Members of the RCN in England are due to walk out from 8pm on 30 April to 8pm on 2 May after rejecting the government’s latest pay offer.

However, the strike on 2 May remains subject to a High Court legal challenge from the government and could be called off.

For the first time nurses will take to picket lines with no derogations, meaning the participants will also include nursing staff working in emergency departments, intensive care units, cancer care and other units previously exempt from strike action.

But NHS Confederation says the decision to remove derogations means not even ‘life and limb’ cover will be provided.

Hospital wards may become overwhelmed, say NHS leaders

NHS Confederation chief executive Matthew Taylor said: ‘While NHS leaders understand why the RCN is intensifying its stance on industrial action, they fear the absence of any exemptions to its planned strikes will put patient care in a precarious position.

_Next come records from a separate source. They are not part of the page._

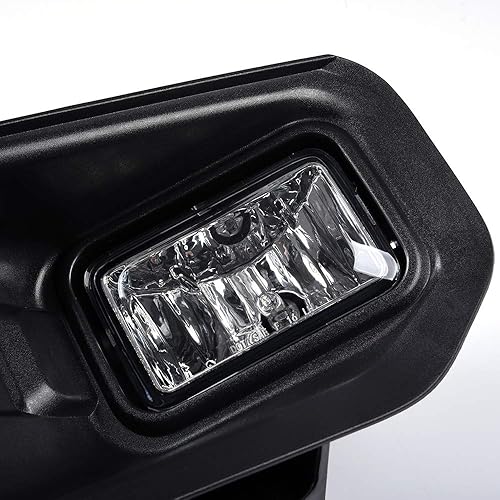 Miniatura 2 de PIT66 Faros antiniebla para parachoques delantero compatibles con Ford F150 2015-2017 lente transparente parachoques delantero luz antiniebla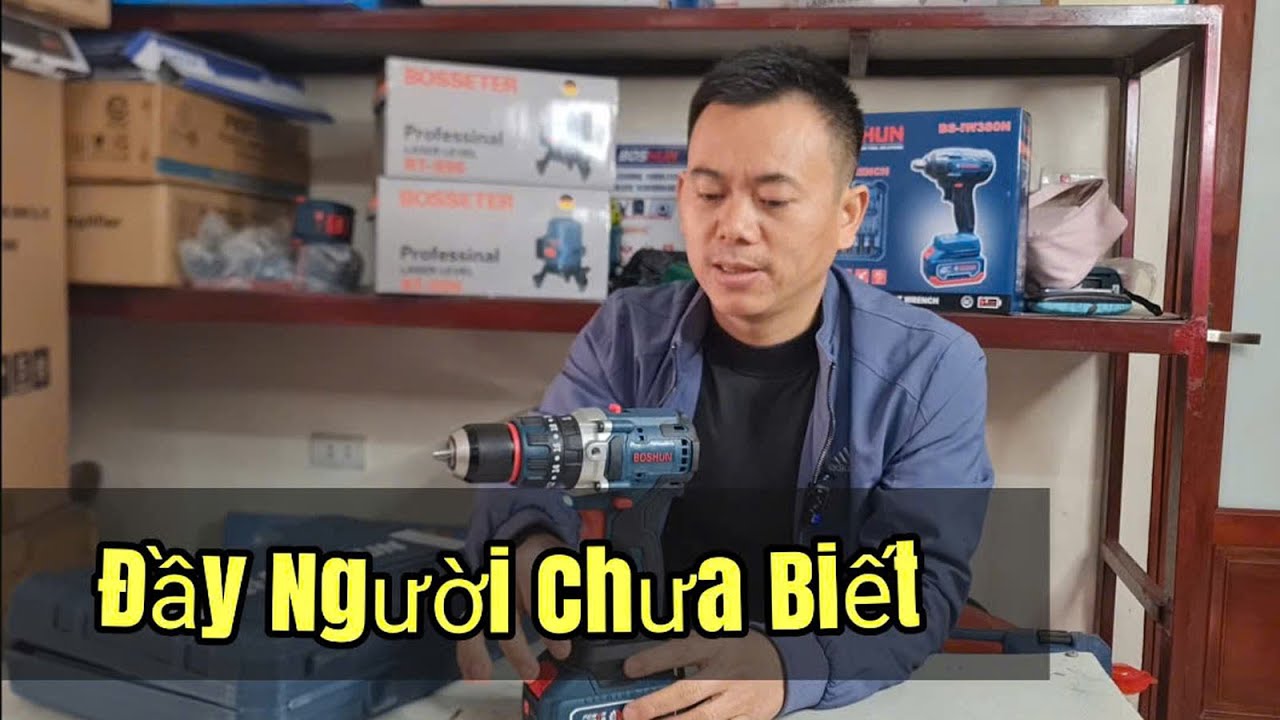 Hướng Dẫn Sử Dụng Máy Khoan Pin/ Đầy Người Chưa Biết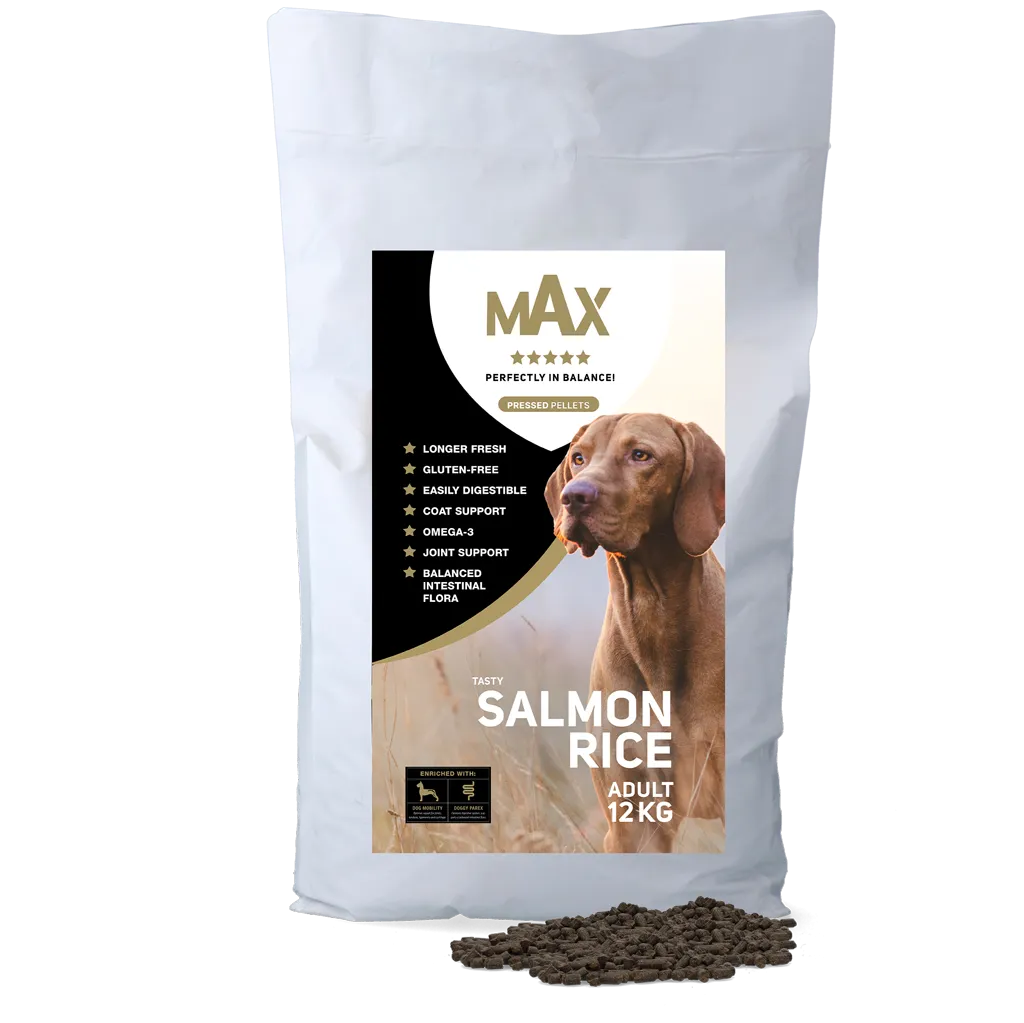 Max Adult Gepresste Pellets Lachs & Reis 12 kg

‘This is particularly the case for patients who will need emergency and intensive care. NHS leaders are worried that this action could lead to hospital wards becoming overwhelmed during the strike days and could even put some people off from seeking the care they need.’

‘Nurses have been left with no option,’ says college

The RCN reiterated that NHS employers are responsible for maintaining safe staffing levels during a strike period, adding that there are ‘exceptional’ circumstances where it would call a strike off in a particular hospital.

‘Nurses are constantly having to ‘make do’ with too little staff or not enough beds for people. This level of pressure can’t go on any longer,’ a college spokesperson said.

‘Nurses have been left with no option because this government won’t listen – you cannot say they are too valuable to strike but not valuable enough to pay fairly. NHS leaders should be concerned by the health secretary spending time and money dragging nurses through the courts, instead of negotiating with us and finding a resolution to this dispute.’